(Caption-style text data)
Content starts
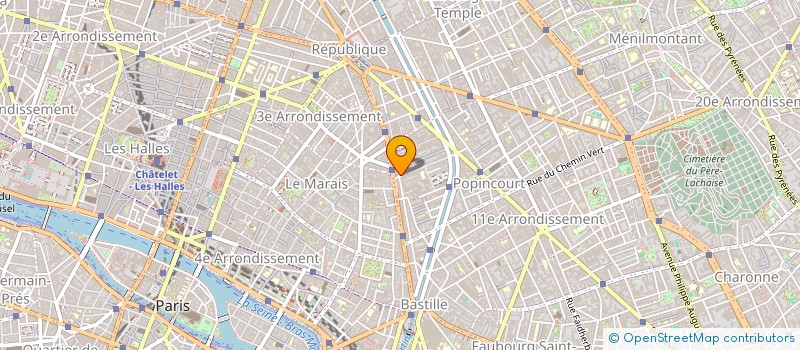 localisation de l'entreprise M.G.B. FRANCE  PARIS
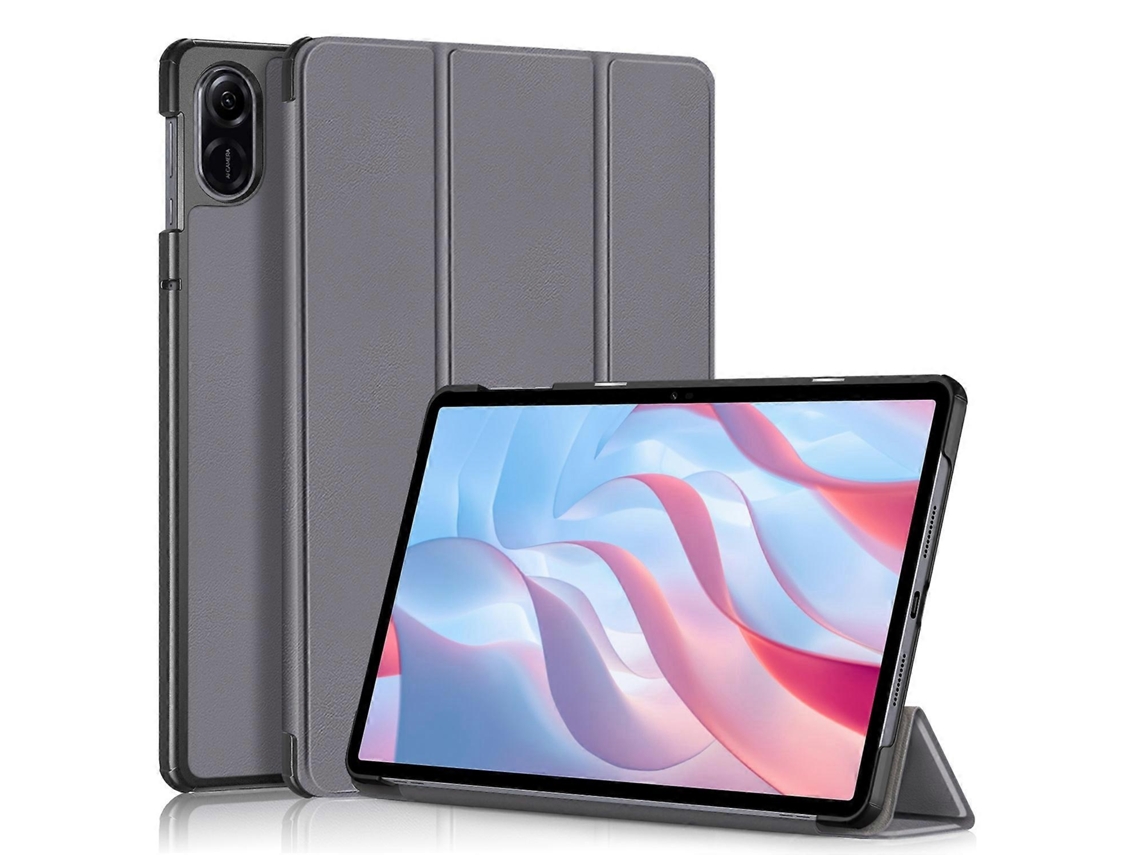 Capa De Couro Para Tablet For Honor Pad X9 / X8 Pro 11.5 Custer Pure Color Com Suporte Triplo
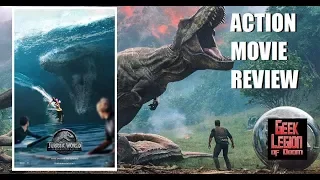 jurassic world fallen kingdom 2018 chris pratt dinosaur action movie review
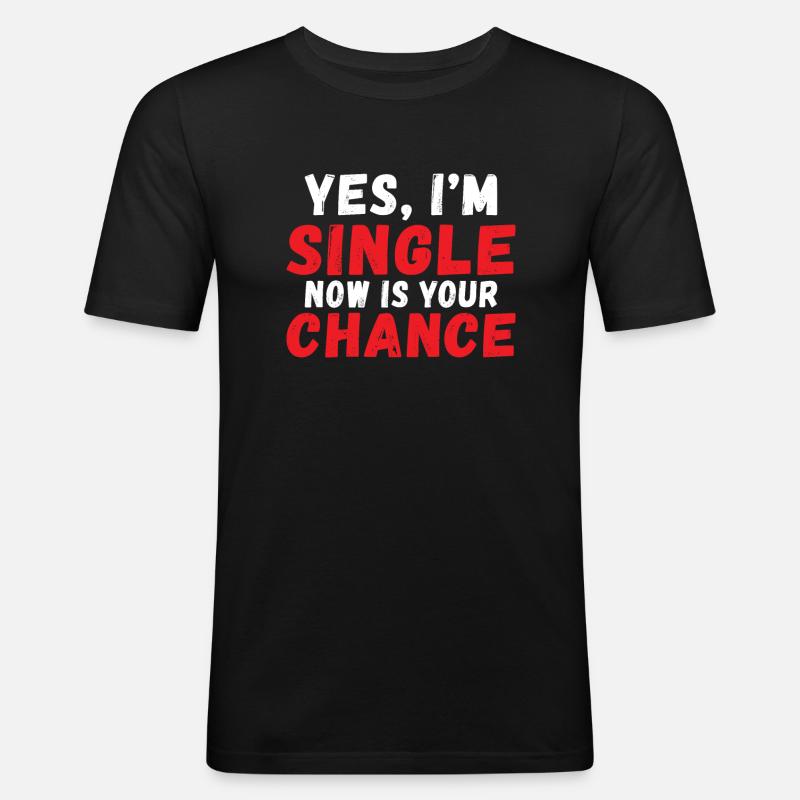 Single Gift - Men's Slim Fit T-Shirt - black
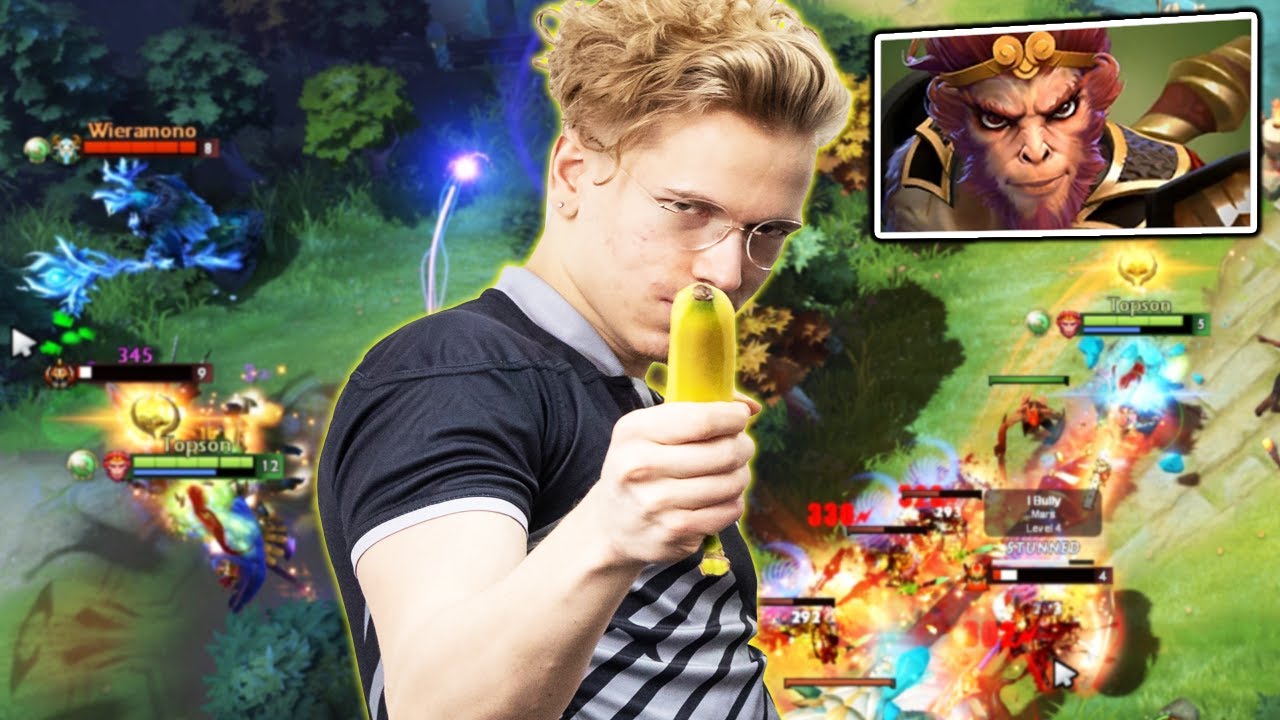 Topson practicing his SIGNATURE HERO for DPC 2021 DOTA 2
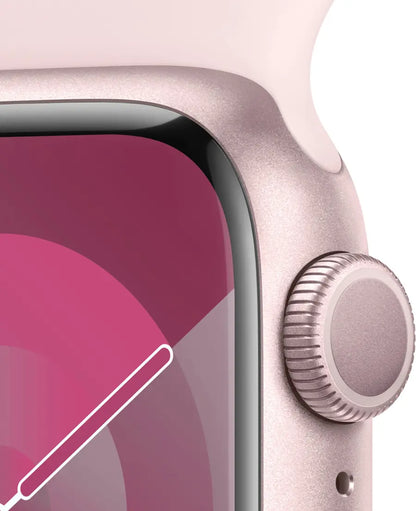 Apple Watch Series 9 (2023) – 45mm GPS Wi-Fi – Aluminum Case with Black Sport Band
Content ends
The task: What is needed is an exact copy of every entry, minus the images.

Response below:
 localisation de l'entreprise M.G.B. FRANCE  PARIS
 Capa De Couro Para Tablet For Honor Pad X9 / X8 Pro 11.5 Custer Pure Color Com Suporte Triplo
 jurassic world fallen kingdom 2018 chris pratt dinosaur action movie review
 Single Gift - Men's Slim Fit T-Shirt - black
 Topson practicing his SIGNATURE HERO for DPC 2021 DOTA 2
 Apple Watch Series 9 (2023) – 45mm GPS Wi-Fi – Aluminum Case with Black Sport Band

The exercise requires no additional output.